The principle of the invention will become evident from a consideration of FIGS. 3-8. FIGS. 3-5 represent a conventional skein dyeing result wherein, for example, a base dye is first applied to the entirety of skeins 34 followed by application of a color contrast dye to portions 35 of the skeins. While it is usual practice to apply a base color, this is sometimes not done where, for example, the color of the undyed yarn is such as to provide the desired background for subsequently applied colors. When used, the base dye is conveniently applied by rotating the entire skein through a bath of the dye, or by rotating the skein while spraying the dye horizontally across the entire width of the skeins as in a Hussong machine. In either case, the skeins are rotated through their entire circumferences. One or more contrast colors are then applied in the same way except that the skeins are rotated only a discrete distance through the bath or, preferably, the skeins remain in fixed position facing a spray bank, so that only portions of the skein circumference are dyed. In either case, the entire width of the skeins, horizontally, is dyed. The "dip length" (length of the dye pattern on the circumference of the skein) of the contrast colors is regulated in a known way as desired as also is the number of contrast colors applied to the skeins. The amount and concentration of dye either in the dip technique or the spray technique may be regulated in accordance with well-known exhaust dyeing techniques so that substantially all of the dye is used in each application. This minimizes the need to clean the apparatus prior to application of another color or to substitute other dye tubes.

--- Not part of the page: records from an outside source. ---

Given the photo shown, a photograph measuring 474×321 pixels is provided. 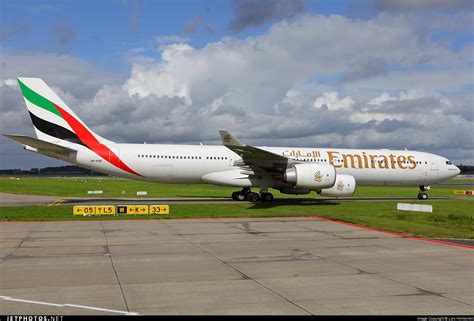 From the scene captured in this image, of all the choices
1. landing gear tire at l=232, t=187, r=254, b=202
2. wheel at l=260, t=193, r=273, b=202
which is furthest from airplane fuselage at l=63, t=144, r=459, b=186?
wheel at l=260, t=193, r=273, b=202

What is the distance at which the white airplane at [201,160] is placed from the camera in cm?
2756

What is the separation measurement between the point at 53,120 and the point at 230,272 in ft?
75.7

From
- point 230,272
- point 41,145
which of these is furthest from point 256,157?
point 230,272

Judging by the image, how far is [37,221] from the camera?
19828 mm

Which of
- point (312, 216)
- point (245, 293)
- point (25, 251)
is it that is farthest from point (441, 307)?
point (312, 216)

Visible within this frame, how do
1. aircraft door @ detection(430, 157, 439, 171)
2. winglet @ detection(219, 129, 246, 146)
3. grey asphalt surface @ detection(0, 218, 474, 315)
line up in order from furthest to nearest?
aircraft door @ detection(430, 157, 439, 171), winglet @ detection(219, 129, 246, 146), grey asphalt surface @ detection(0, 218, 474, 315)

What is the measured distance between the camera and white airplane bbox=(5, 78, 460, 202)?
1085 inches

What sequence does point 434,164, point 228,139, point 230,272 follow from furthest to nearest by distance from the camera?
point 434,164 < point 228,139 < point 230,272

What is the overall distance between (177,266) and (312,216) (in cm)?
1236

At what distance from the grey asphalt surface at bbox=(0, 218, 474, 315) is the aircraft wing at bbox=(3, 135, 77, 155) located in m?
10.6

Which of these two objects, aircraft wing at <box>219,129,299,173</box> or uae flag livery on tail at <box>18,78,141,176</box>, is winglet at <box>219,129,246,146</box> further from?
uae flag livery on tail at <box>18,78,141,176</box>

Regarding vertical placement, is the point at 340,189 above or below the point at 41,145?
below

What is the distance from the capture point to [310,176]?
26938mm

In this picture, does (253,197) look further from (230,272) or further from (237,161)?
(230,272) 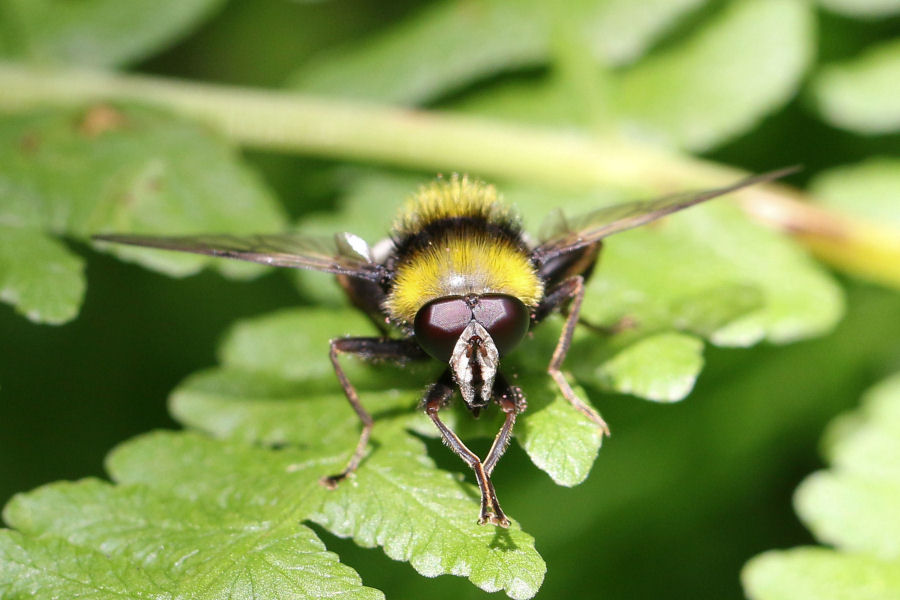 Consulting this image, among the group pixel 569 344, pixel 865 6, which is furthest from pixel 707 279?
pixel 865 6

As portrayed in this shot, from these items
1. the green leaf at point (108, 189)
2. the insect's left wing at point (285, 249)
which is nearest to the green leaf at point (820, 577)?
the insect's left wing at point (285, 249)

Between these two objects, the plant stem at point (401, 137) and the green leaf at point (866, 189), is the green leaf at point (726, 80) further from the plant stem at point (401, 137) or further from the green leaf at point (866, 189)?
the green leaf at point (866, 189)

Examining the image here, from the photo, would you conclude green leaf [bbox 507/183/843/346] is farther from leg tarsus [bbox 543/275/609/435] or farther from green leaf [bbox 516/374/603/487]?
green leaf [bbox 516/374/603/487]

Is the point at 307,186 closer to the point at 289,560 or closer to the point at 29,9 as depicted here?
the point at 29,9

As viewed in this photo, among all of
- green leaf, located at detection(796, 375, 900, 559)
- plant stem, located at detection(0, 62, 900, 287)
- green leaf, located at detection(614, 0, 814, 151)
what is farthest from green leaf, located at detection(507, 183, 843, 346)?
green leaf, located at detection(614, 0, 814, 151)

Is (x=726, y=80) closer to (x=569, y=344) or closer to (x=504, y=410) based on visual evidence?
(x=569, y=344)

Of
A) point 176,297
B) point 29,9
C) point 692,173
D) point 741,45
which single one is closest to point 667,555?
point 692,173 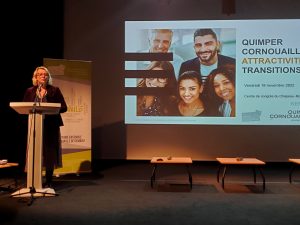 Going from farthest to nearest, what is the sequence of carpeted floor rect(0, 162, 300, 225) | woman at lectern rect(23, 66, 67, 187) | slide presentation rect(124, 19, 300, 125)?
slide presentation rect(124, 19, 300, 125) → woman at lectern rect(23, 66, 67, 187) → carpeted floor rect(0, 162, 300, 225)

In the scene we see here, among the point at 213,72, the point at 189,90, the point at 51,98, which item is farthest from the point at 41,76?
the point at 213,72

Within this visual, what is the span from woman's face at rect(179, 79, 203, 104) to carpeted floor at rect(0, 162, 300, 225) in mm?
1778

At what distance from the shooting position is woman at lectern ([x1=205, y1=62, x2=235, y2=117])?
7543 millimetres

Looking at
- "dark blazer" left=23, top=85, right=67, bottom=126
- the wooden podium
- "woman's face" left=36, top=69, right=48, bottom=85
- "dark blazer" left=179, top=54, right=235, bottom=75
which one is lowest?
the wooden podium

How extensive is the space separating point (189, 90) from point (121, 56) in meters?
1.55

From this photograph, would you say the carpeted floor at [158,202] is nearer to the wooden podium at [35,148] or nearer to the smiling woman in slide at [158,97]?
the wooden podium at [35,148]

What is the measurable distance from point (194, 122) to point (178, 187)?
254cm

FIGS. 4 and 5 illustrate contrast color dye patterns on yarn 36 unwound from skeins 34. As a result of contrast color dyeing of the lower portions of the skeins as illustrated in FIG. 3, regularly spaced portions along the lengths of the yarns will be dyed. Thus, in FIG. 4 the upper dip margin of the dyed portion of skeins 34 is indicated by discontinuous line 37 and in FIG. 5, the four segments shown corresponding, on the average, to four circumferences or "wraps " of the skeins 34. The heavy-ruled portions 38 within each of the four segments of yarn 36 of FIG. 5 represent portions of yarn wraps which have been dyed with a color contrast dye, corresponding to the dyed portions 35 of the skeins of FIG. 3. As is evident, the color contrast pattern is repeated, on the average, for each wrap of the skein. Such regularity will be reflected as chevroning in fabrics made from the yarn.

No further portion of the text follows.